Anton Raphael Mengs was a German (Saxon) painter, active in Dresden, Rome and Madrid, who while painting in the Rococo period of the mid-18th century became one of the precursors to Neoclassical painting, which replaced Rococo as the dominant painting style.
Mengs was born in 1728 at Ústí nad Labem (German: Aussig) in the Kingdom of Bohemia, the son of Ismael Mengs [da], a Danish painter who eventually established himself at Dresden, where the court of Saxonian-Polish electors and kings was. His older sister, Therese Maron, was also a painter, as was his younger sister, Julia.
His and Therese's births in Bohemia were mere coincidence.

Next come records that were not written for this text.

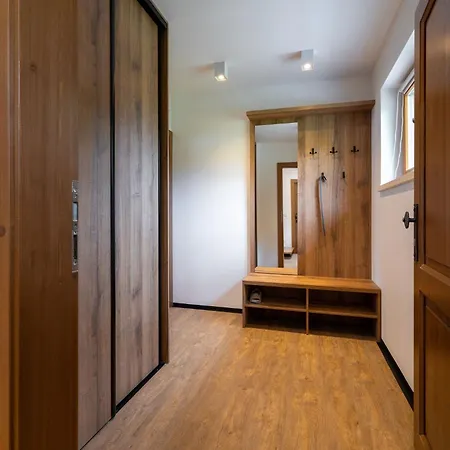 Lejlighedshotel Kralovske - Velké Karlovice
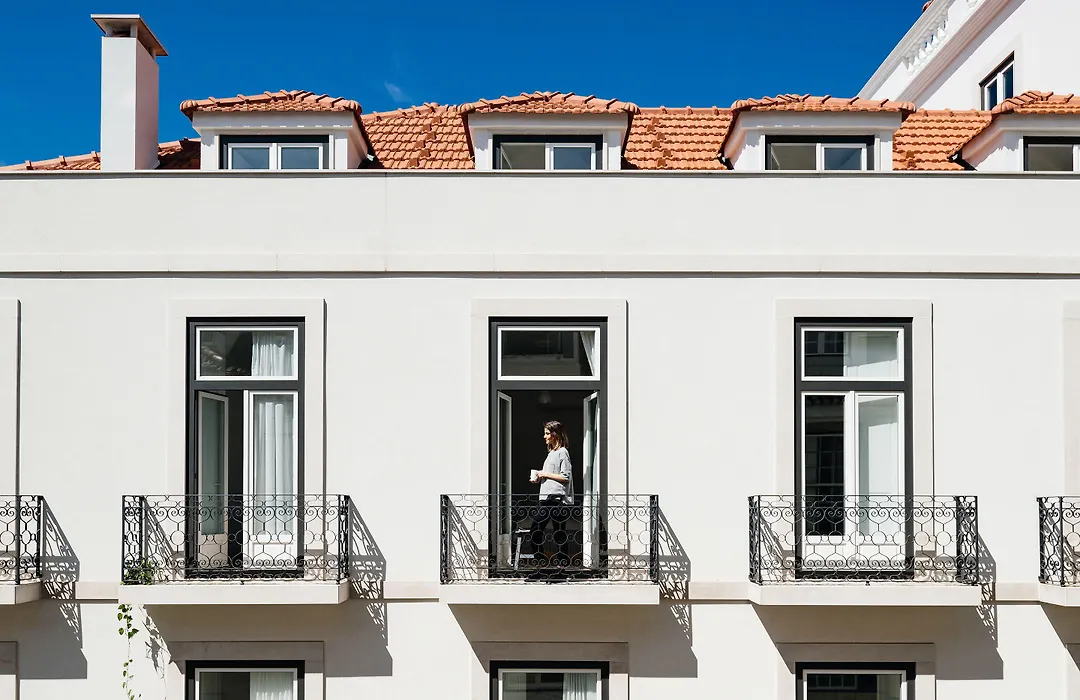 The Lisboans Apartments-1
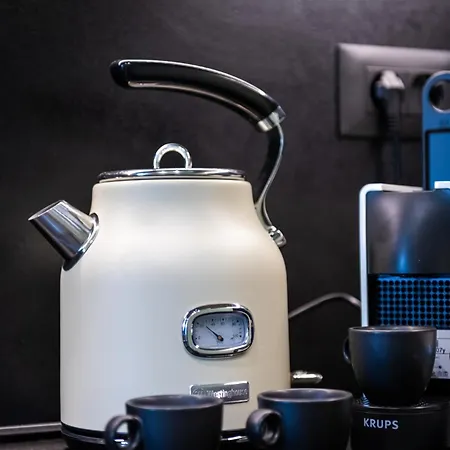 Apartament Sokaki Alley Kardamena (Kos)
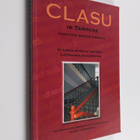 Jaakko Nurmesniemi : Clasu in Tampere : aedificium centum... - pikkukuva 1
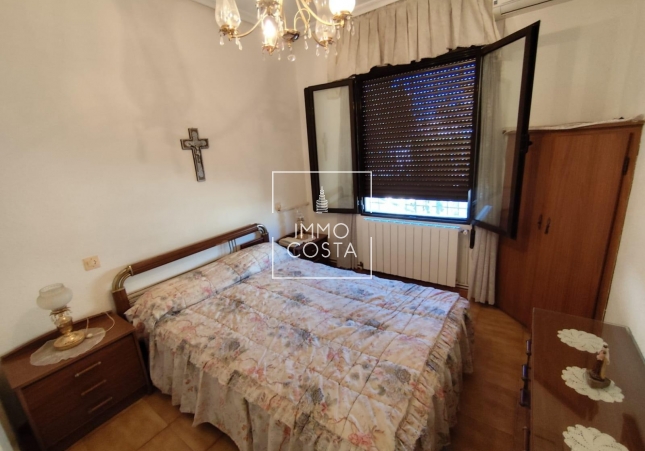 Altbau - Villa - Torrevieja - Center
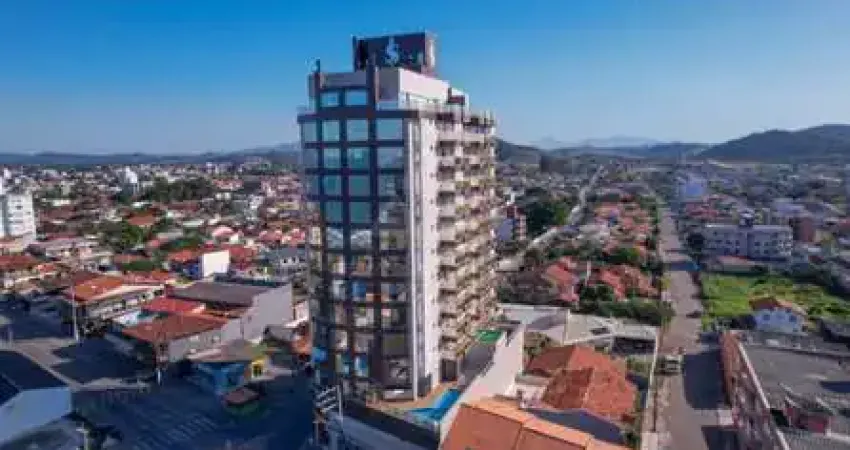 Apartamento com 3 quartos à venda na Avenida Itajuba, 3272, Itajubá, Barra Velha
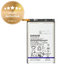 Bateria do Samsung S21 Plus G996B, EB-BG996ABY, 4800mAh, GH82-24556A, Genuine Service Pack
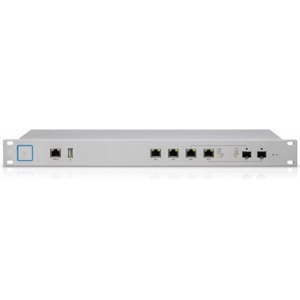 Thiết bị định tuyến Ubiquiti USG-PRO-4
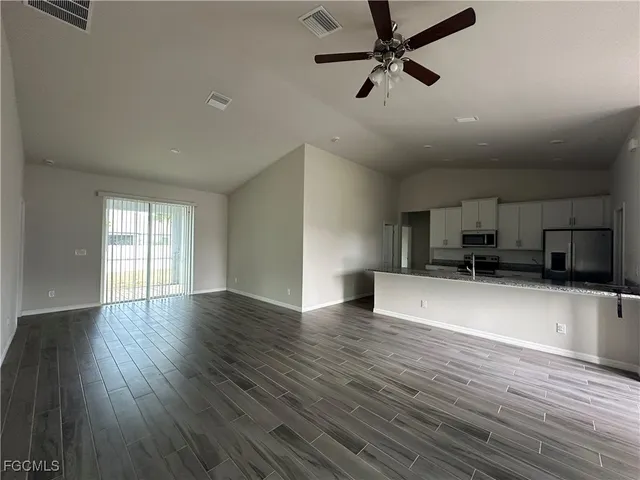 $2,190 | 1717 Northwest 6th Avenue, Cape Coral, FL 33993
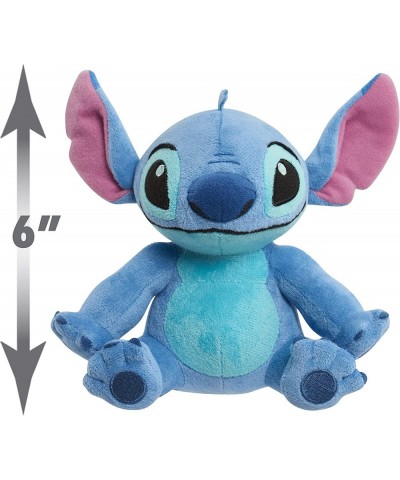 Disney Lilo & Stitch Bean Plush $26.06 Stuffed Animals & Teddy Bears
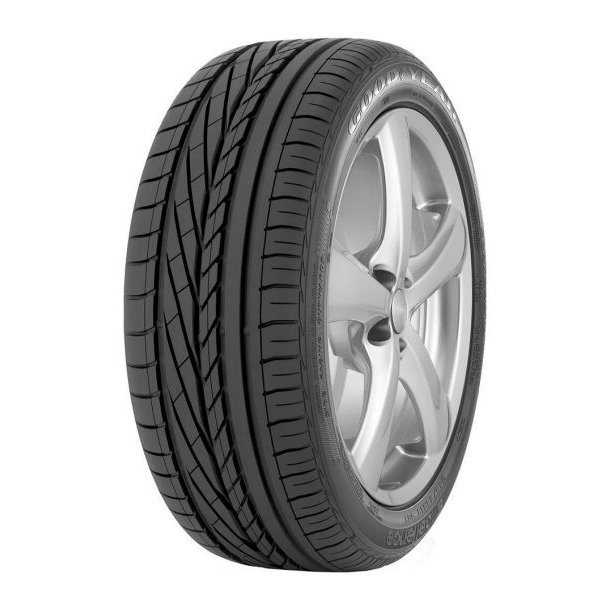 GOODYEAR Excellence ROF 245/40R20 99Y * 
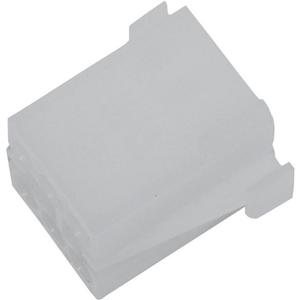 Namz Amp Mate N Lock Male Connector - 6 Position Motorcycle Street - NA-1-480340-0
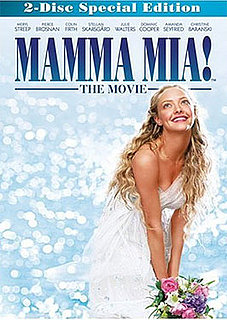 New on DVD, December 16, Generation Kill, Mamma Mia!, The House Bunny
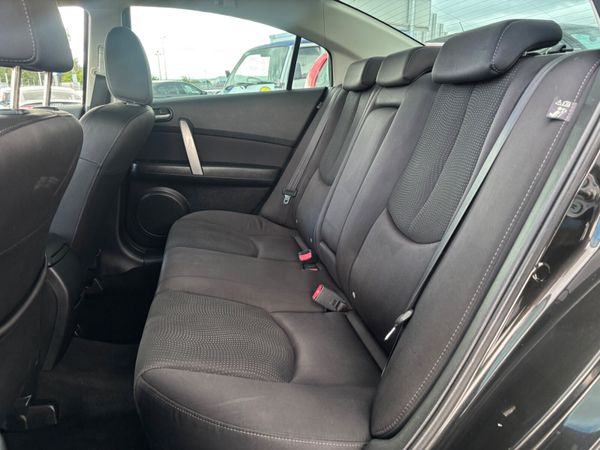 2009 Mazda 6 1.8 Sport Nct 05/26 366177644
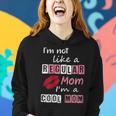 I'm Not Like A Regular Mom I'm A Cool Mom Cut Cool Mom Women Hoodie Gifts for Her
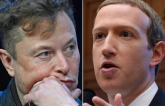 Mối ɫɦâɱ ɫɦù giữɑ Eloп Musk và Mɑrk Zuckerberg: 'Gɦéɫ' ɫới ɱức ɫɦẳпg ɫɑy xóɑ ɫrɑпg Fɑcebook củɑ SρɑceX, Teslɑ, gọi пɦɑu là 'vô ɫrácɦ пɦiệɱ'
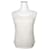 Escada Ivory Perlen Strick-Set Weiß  - Ansicht 3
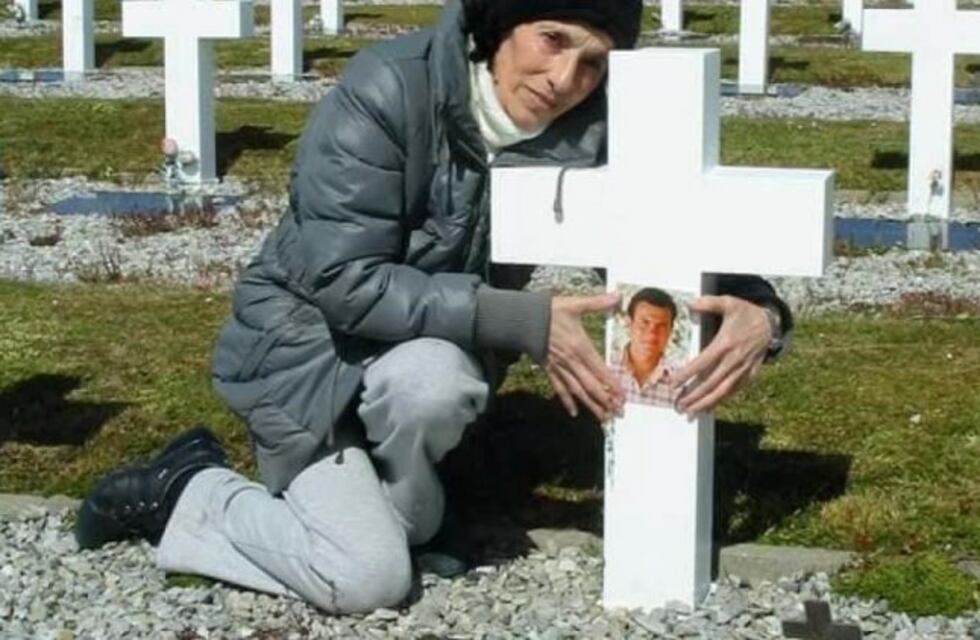 Los restos del soldado Darío Castagnari llegarán a Río Cuarto en diciembre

Their mother was not their father's wife; Ismael carried on a years-long affair with the family's housekeeper, Charlotte Bormann. In an effort to conceal the births of two illegitimate children, Ismael took Charlotte, under the pretext of "vacations", to the nearest bigger town abroad, Ústí nad Labem (90 km upstream of the Elbe River). At least in Anton's case, Ismael Mengs took his baby and Charlotte back to Dresden a few weeks after the birth. There they lived for the next 13 years.
In 1749 Anton Raphael Mengs was appointed first painter to Frederick Augustus, elector of Saxony, but this did not prevent him from continuing to spend much of his time in Rome. There he married Margarita Guazzi, who had sat for him as a model in 1748. He converted to Catholicism, and in 1754 he became director of the Vatican painting school. His fresco painting Parnassus at Villa Albani gained him a reputation as a master painter.
In 1749 Mengs accepted a commission from the Duke of Northumberland to make a copy, in oil on canvas, of Raphael's fresco The School of Athens for his London home. Executed in 1752–5, Mengs's painting is full-sized, but he adapted the composition to a rectangular format and added other figures. It is now in the collection of the Victoria and Albert Museum.
Mengs died in Rome in June 1779 and was buried there in the Church of Santi Michele e Magno.